Pulpit Rock resident, Pam Harlor,
tests a Red Cross cot and finds it "very comfy."
Photo by Bill Fortune, American Red Cross.
Resident Pam Harlor took a few moments to test one of the Red Cross cots. She said with a laugh that the cot was “very comfy.” When asked about her experience with the exercise, she thought for a moment and said, “I feel much more prepared. I feel much more comfortable. After the Black Forest Fire [the possibility of disaster] became very real. We had friends stay with us.”

Pam was appreciative of the opportunity to walk through and see a Red Cross shelter for herself. “I can hear about it, but until I participate, I don’t know what’s going on. Now I feel much more prepared.”
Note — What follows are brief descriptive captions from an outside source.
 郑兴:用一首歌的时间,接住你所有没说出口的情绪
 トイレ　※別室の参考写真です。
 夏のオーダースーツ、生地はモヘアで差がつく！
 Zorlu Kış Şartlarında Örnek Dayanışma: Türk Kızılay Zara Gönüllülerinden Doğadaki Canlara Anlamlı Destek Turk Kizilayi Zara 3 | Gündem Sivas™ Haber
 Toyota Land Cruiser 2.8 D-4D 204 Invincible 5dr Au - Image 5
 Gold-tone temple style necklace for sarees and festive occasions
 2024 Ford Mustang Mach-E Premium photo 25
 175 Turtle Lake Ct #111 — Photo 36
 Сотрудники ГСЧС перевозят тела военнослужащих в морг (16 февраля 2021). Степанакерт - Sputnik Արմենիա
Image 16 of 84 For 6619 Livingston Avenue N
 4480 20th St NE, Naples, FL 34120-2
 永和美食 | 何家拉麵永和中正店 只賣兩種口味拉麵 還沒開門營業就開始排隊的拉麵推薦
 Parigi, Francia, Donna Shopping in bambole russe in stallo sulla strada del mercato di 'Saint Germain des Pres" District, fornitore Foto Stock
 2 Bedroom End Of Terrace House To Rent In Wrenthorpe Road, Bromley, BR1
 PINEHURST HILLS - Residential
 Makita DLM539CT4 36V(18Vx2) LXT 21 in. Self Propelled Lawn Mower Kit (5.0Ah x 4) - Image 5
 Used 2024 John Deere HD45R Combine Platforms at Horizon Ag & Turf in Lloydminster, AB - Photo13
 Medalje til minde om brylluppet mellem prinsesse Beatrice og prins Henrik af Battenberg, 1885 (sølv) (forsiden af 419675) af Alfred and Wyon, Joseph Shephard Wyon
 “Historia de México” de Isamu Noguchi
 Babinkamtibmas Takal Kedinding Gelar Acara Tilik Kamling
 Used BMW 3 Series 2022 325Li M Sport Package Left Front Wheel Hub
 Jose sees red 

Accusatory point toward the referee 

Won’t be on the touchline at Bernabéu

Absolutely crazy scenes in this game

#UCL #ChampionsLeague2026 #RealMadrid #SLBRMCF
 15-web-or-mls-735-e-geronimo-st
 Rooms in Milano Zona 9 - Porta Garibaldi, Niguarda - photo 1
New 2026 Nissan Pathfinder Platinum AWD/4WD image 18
Red Cross volunteers answer resident questions
as part of the shelter demonstration.
Photo by Arnett Luce, American Red Cross.
Multiple agencies cooperated to stage the exercise: The City of Colorado Springs Office of Emergency Management, Police Department and Fire Department organized the exercise; the Salvation Army used their mobile food service truck to provide a hot breakfast for volunteers and participating residents; Red Cross volunteers set up and ran the shelter; the Humane Society provided residents with information about sheltering family pets; and FEMA Corp volunteers assisted in all aspects of the emergency management exercise.

At the end of the exercise, Rich Garcia, Lead Volunteer for Mass Care summed it up by saying, “This was a win-win event. We were able to train new volunteers and educate the community.”